# Task statement
Please copy exactly the lines from the one containing "Tapis Monaco 122" to the end of the entries, both included, and nothing else. Omit every picture.

[Stored data entries]
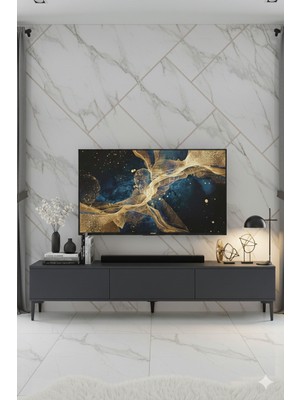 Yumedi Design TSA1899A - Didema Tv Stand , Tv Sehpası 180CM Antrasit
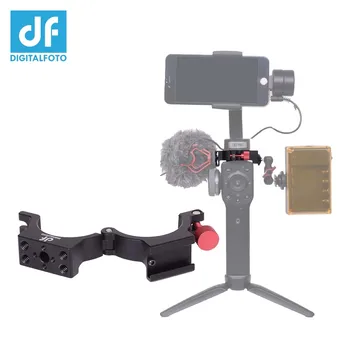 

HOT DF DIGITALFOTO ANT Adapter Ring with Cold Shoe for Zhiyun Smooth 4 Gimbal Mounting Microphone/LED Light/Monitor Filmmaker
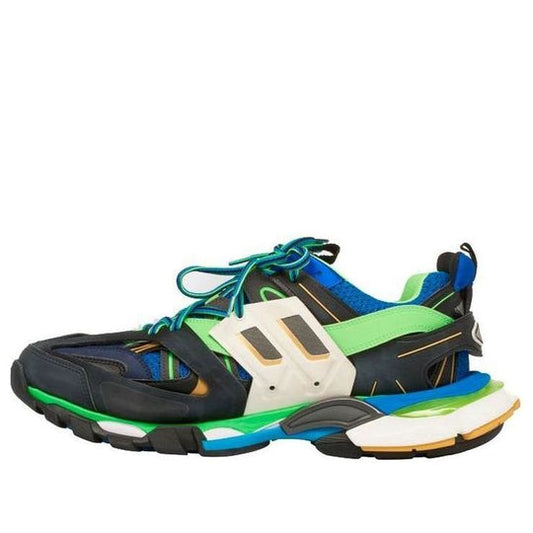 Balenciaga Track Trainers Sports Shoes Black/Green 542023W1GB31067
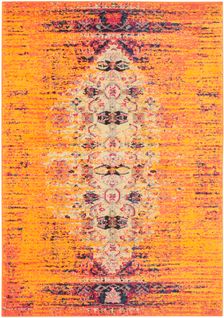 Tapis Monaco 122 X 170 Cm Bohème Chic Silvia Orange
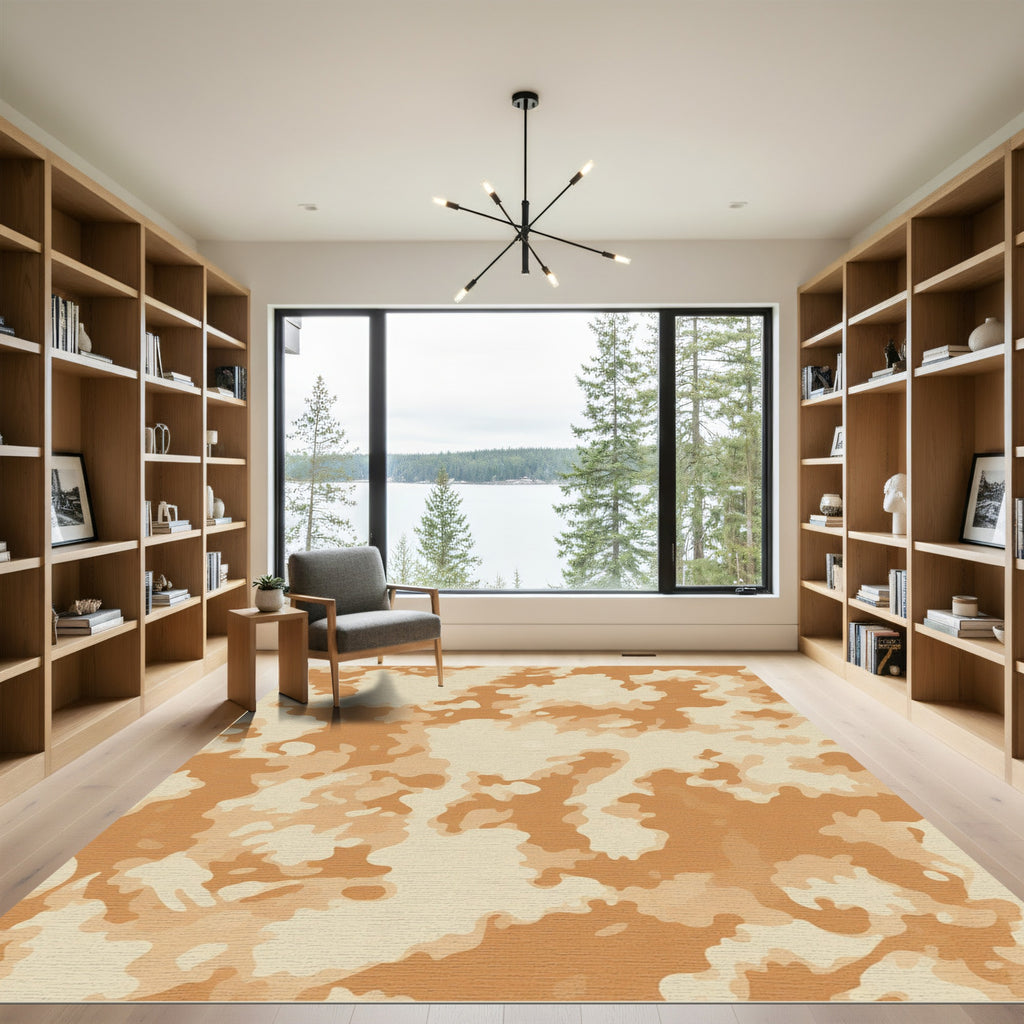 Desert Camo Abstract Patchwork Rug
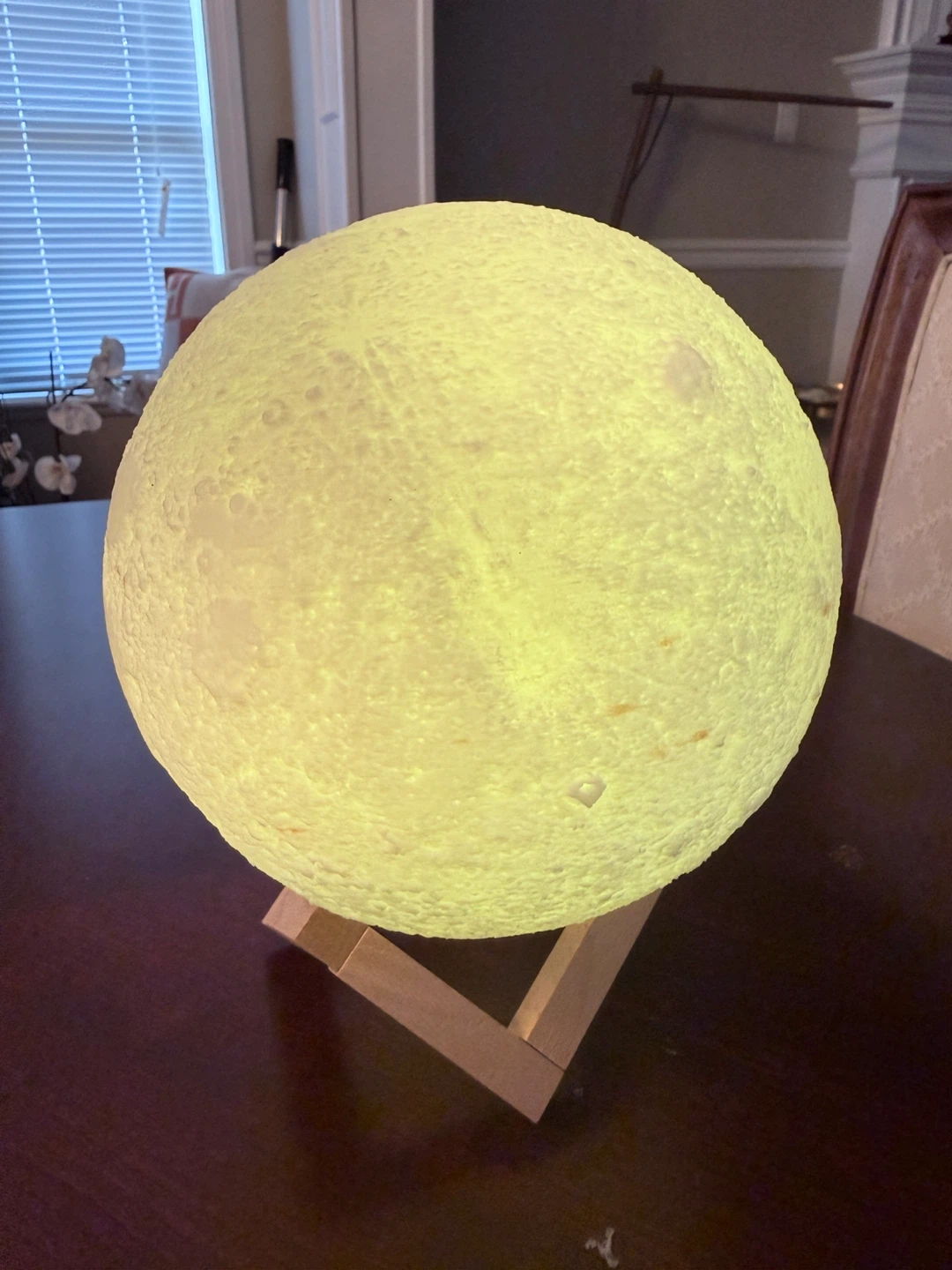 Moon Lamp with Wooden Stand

# Expected answer
 Tapis Monaco 122 X 170 Cm Bohème Chic Silvia Orange
 Desert Camo Abstract Patchwork Rug
 Moon Lamp with Wooden Stand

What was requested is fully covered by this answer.